Where the listing below has a line with "Chanel香奈兒橫版22bag黑金24C垃圾袋單肩包 尺寸約39x23-0", write out exactly that line and every line after it, stopping after the line with "1685 Brandon Hall".

§ **GIVEN DATA**:
────────────────────────────────────────
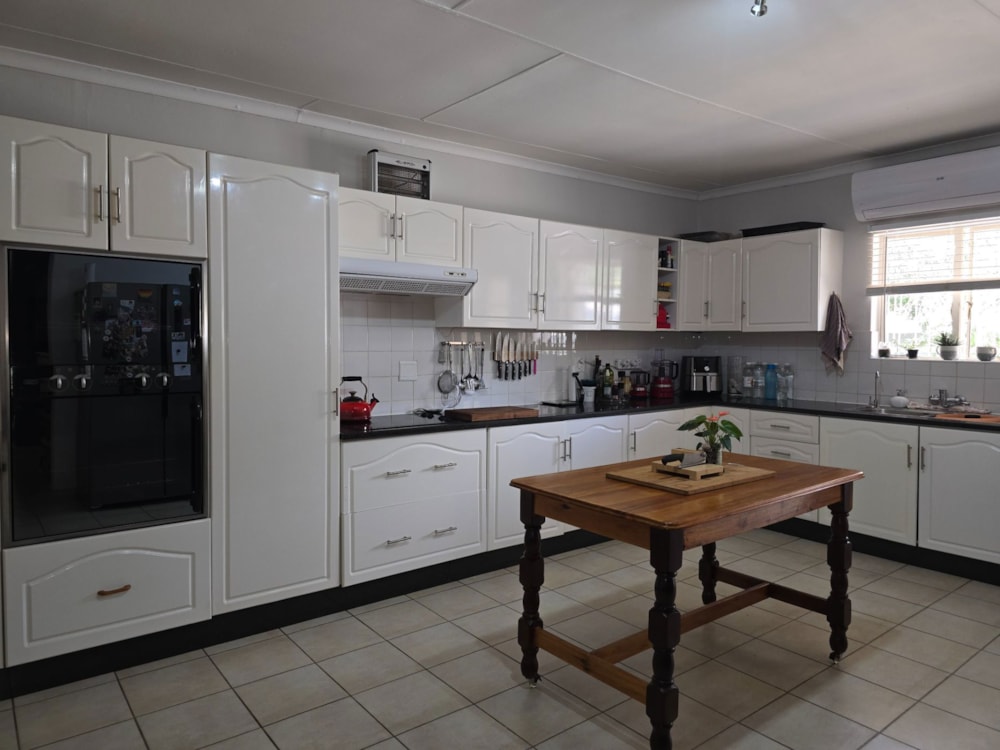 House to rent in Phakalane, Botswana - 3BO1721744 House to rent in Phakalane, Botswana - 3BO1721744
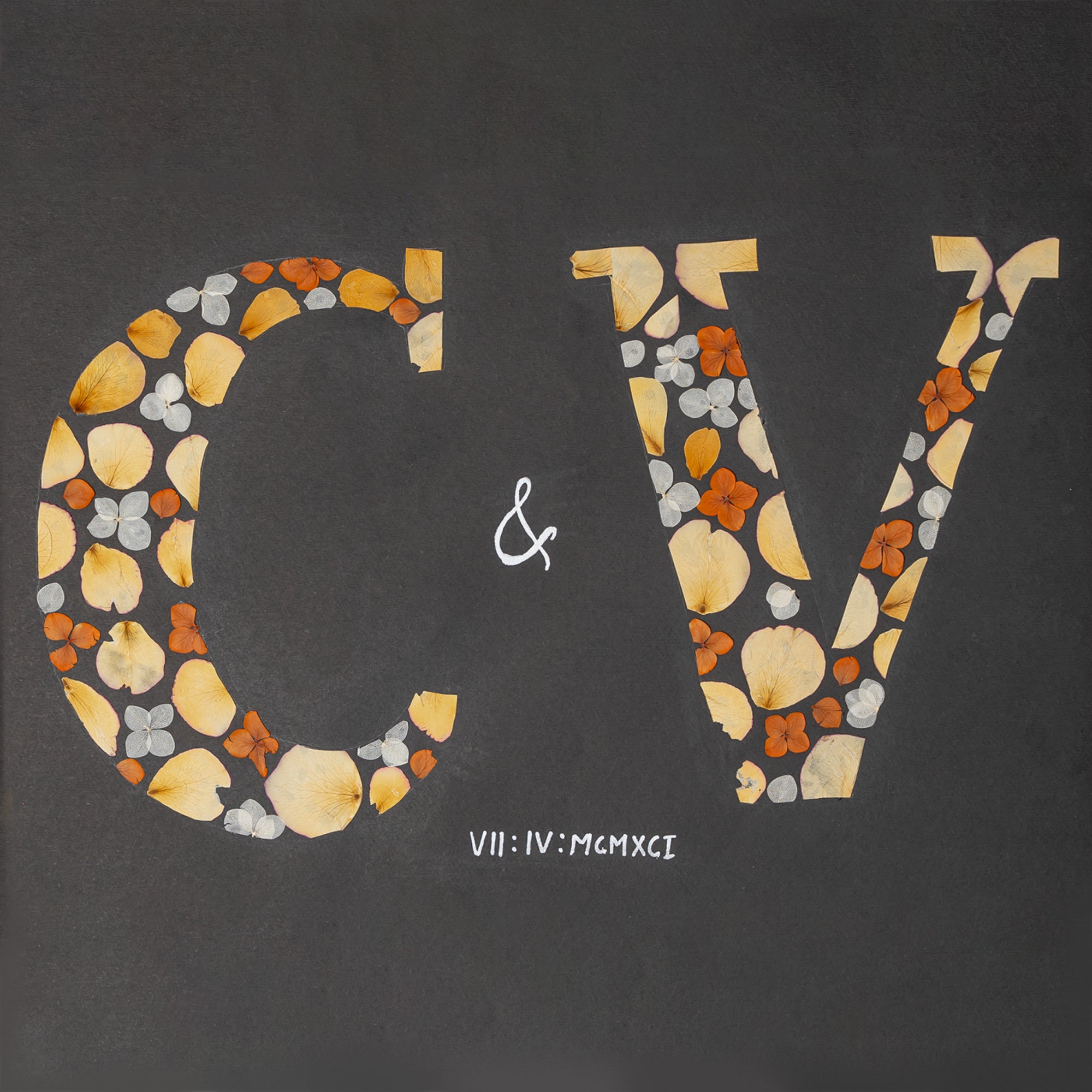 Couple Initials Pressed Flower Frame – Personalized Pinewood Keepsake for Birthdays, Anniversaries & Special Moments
────────────────────────────────────────
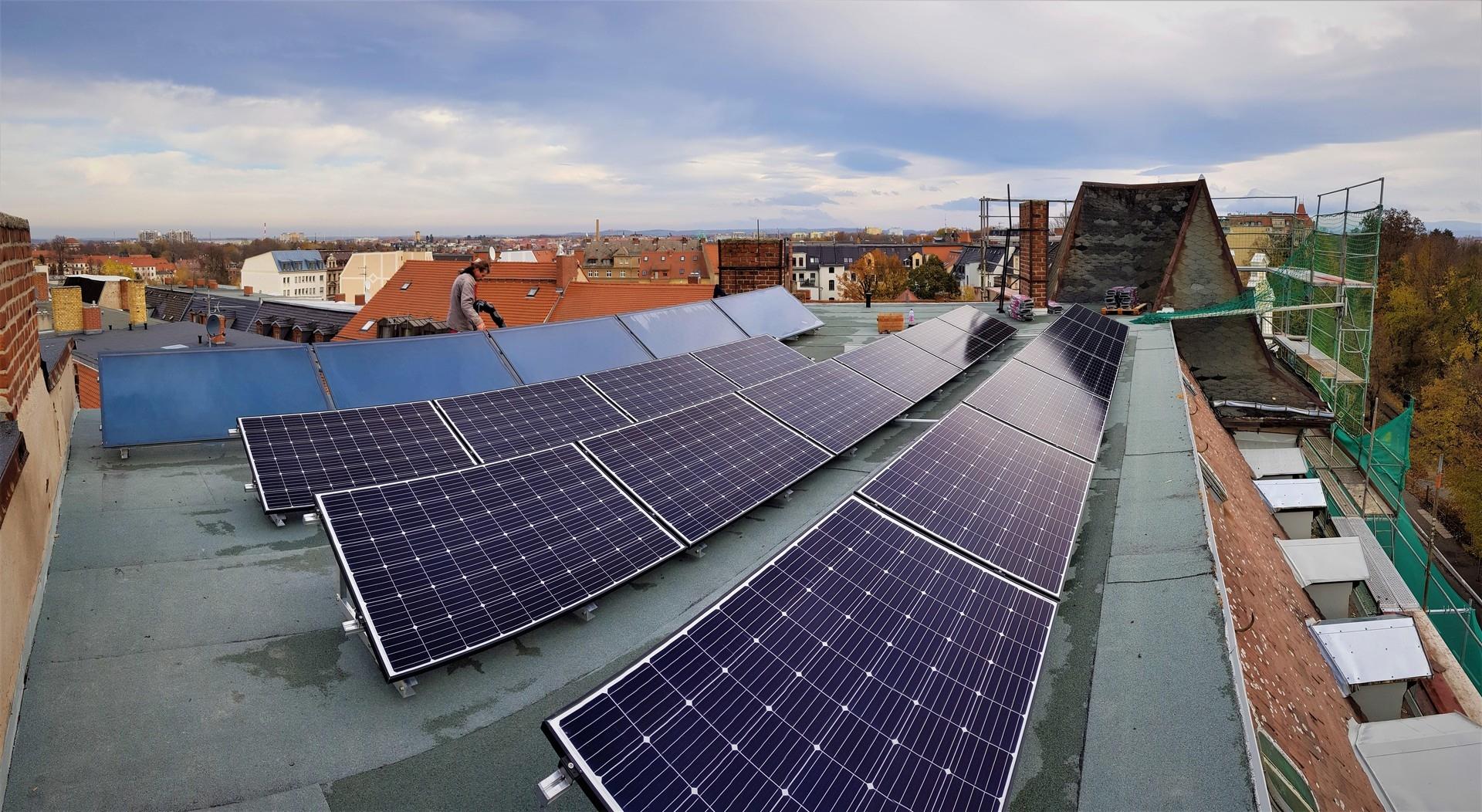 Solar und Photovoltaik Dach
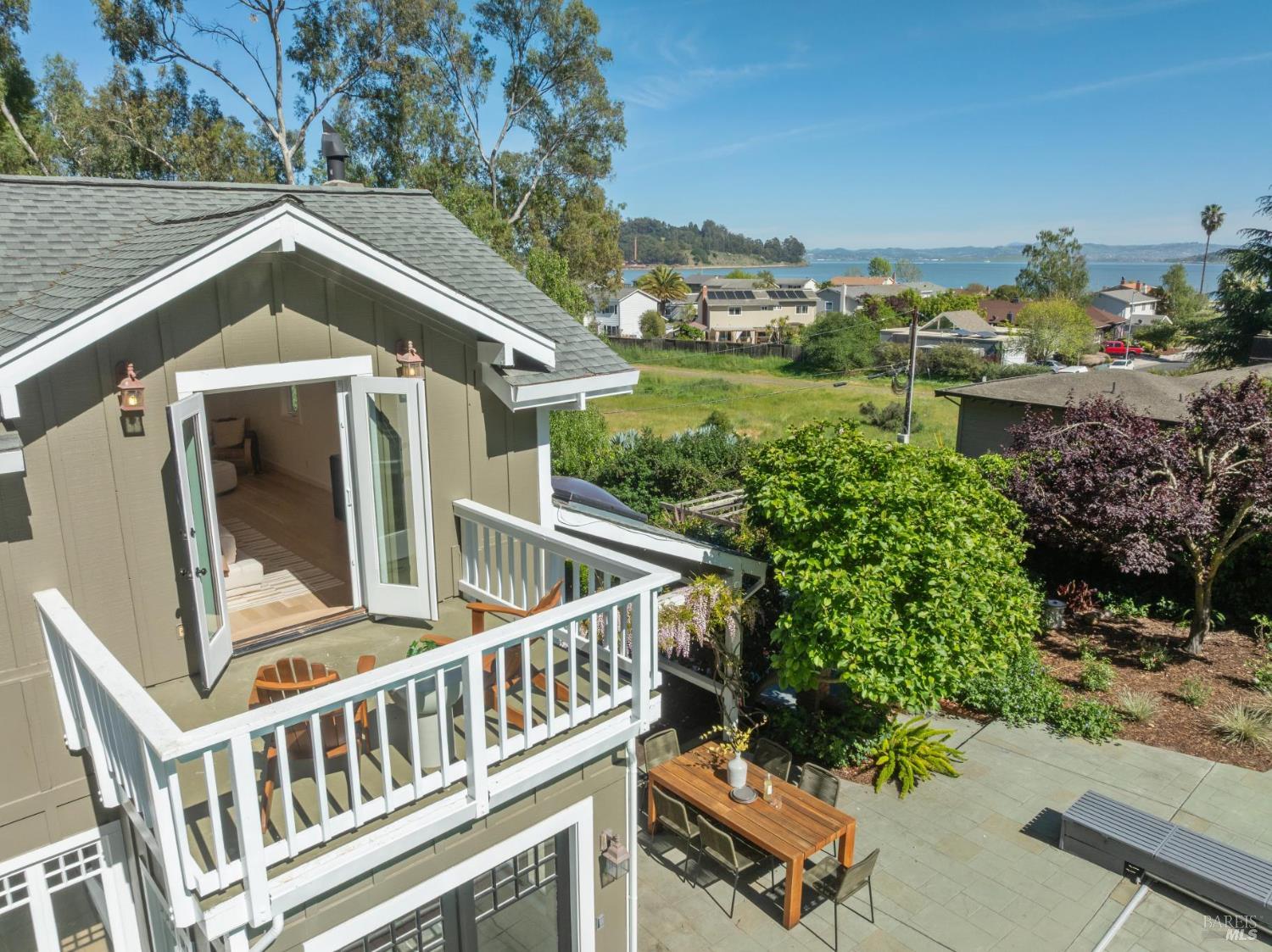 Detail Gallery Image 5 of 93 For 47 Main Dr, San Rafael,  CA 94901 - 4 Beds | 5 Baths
────────────────────────────────────────
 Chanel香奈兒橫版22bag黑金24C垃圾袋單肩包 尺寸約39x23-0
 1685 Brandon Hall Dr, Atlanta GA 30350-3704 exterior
────────────────────────────────────────
§ **TASK ANSWER**:
 Chanel香奈兒橫版22bag黑金24C垃圾袋單肩包 尺寸約39x23-0
 1685 Brandon Hall Dr, Atlanta GA 30350-3704 exterior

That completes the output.